Set down all of the data that follows word for word, without the images.

[Start of section]

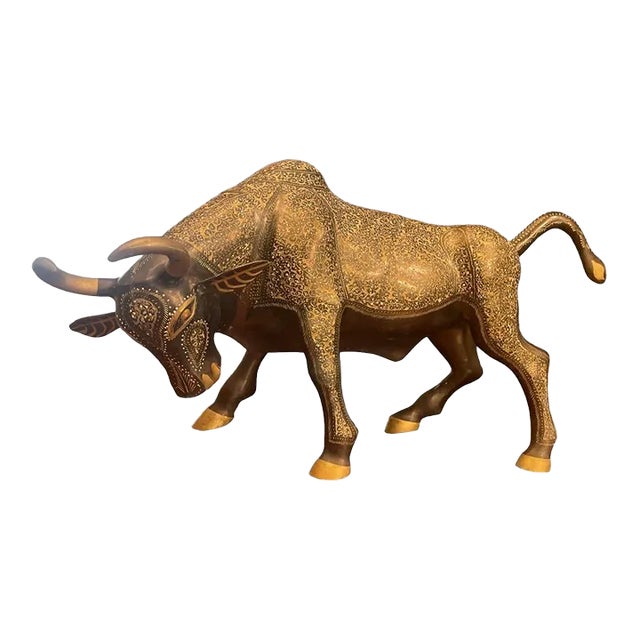 Late 19th Century Brass Bull Sculpture For Sale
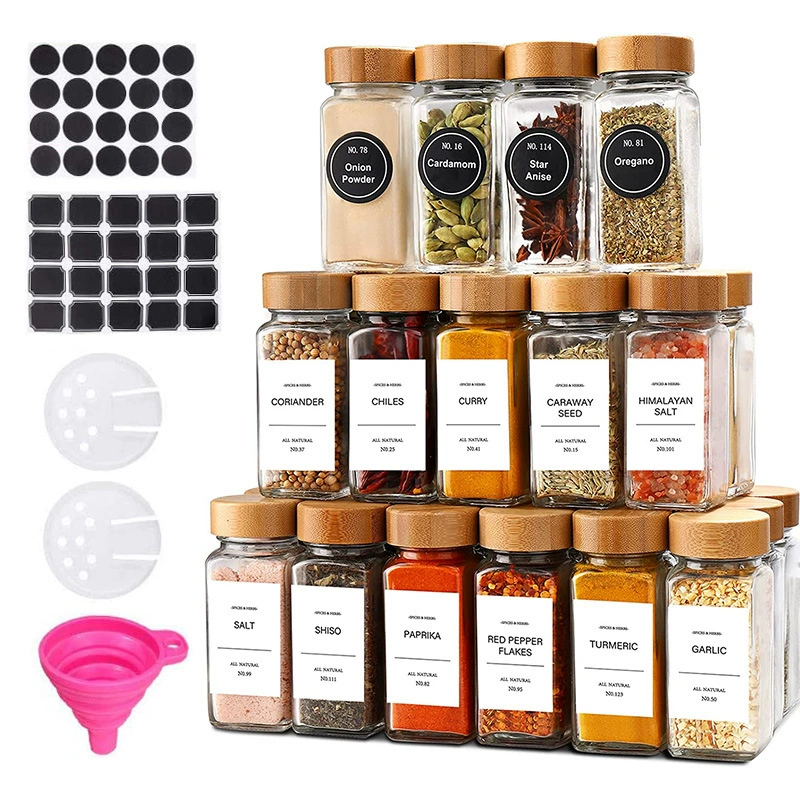  foreign trade Amazon оптовый 120 ml квадратная банка с деревянной крышкой из стекла для специй для барбекю, ёмкость для специй бытовая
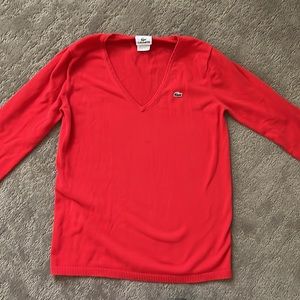 Lacoste: Red lightweight sweater top. Size 42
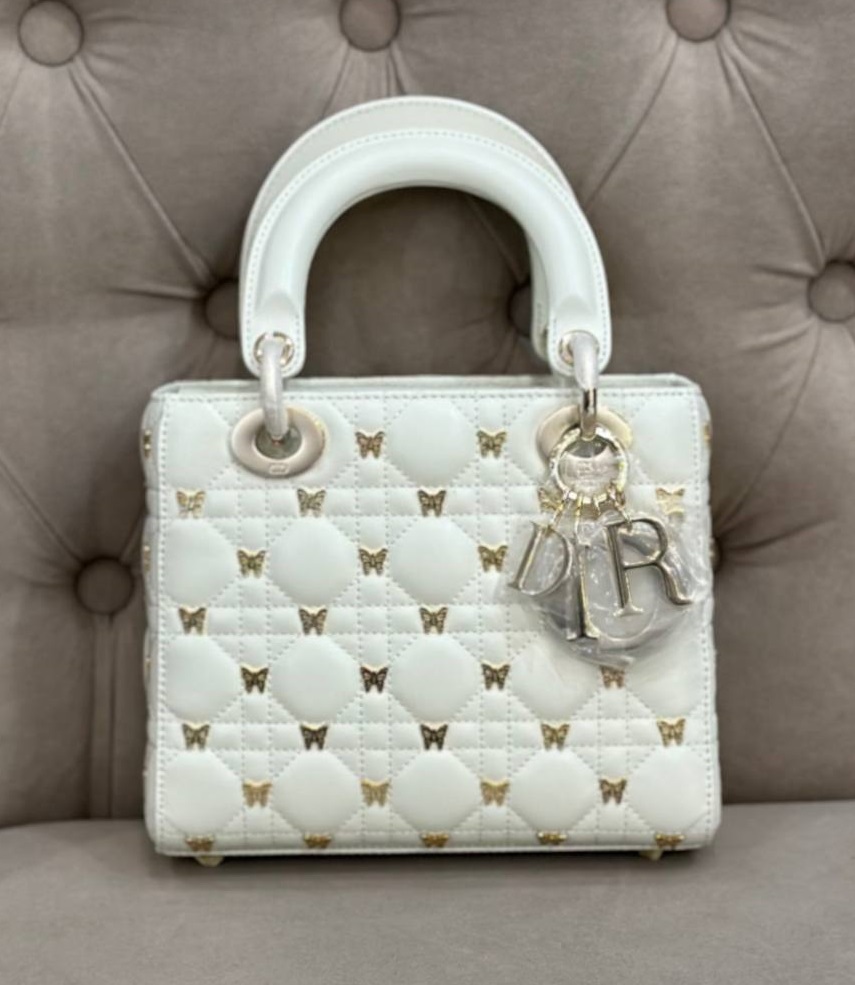 Женская белая сумка Christian Dior Lady 24 см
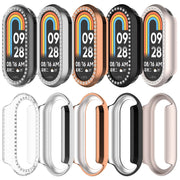 For Xiaomi Mi Band 8 / 9 Ceramic / 10 Ceramic Diamond Half Pack Hollow PC Watch Protective Cover(Rose Gold)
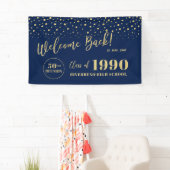 ゴールド＆ネイビー コンフェッティ クラス リユニオン パーティー ウェルカム 横断幕 (インサイチュ)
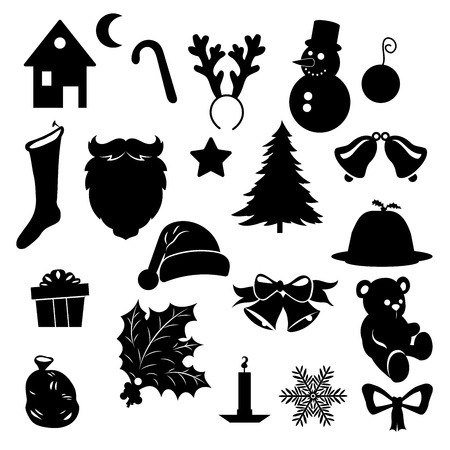 A Vector Silhouette of  Christmas and New Year symbols : isolated on whiteのイラスト素材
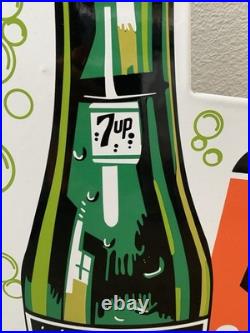 Vintage Large 7up Double Sided Flange Soda Pop 7 Up Porcelain Gas Oil Ad Sign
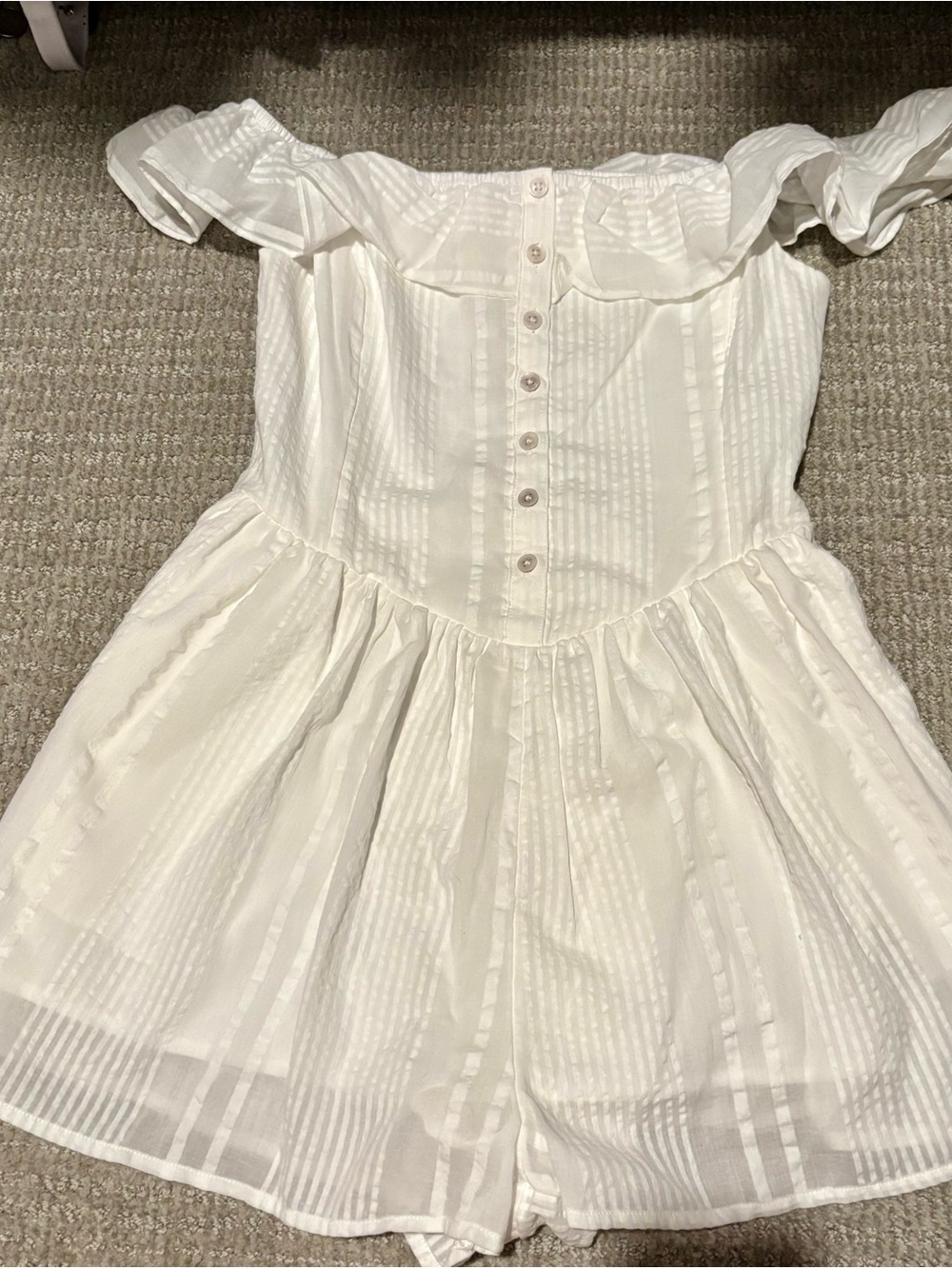 aerie White Off-Shoulder Ruffle Romper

[End of section]

**Your response:**
 Late 19th Century Brass Bull Sculpture For Sale
  foreign trade Amazon оптовый 120 ml квадратная банка с деревянной крышкой из стекла для специй для барбекю, ёмкость для специй бытовая
 Lacoste: Red lightweight sweater top. Size 42
 Женская белая сумка Christian Dior Lady 24 см
 For Xiaomi Mi Band 8 / 9 Ceramic / 10 Ceramic Diamond Half Pack Hollow PC Watch Protective Cover(Rose Gold)
 ゴールド＆ネイビー コンフェッティ クラス リユニオン パーティー ウェルカム 横断幕 (インサイチュ)
 A Vector Silhouette of  Christmas and New Year symbols : isolated on whiteのイラスト素材
 Vintage Large 7up Double Sided Flange Soda Pop 7 Up Porcelain Gas Oil Ad Sign
 aerie White Off-Shoulder Ruffle Romper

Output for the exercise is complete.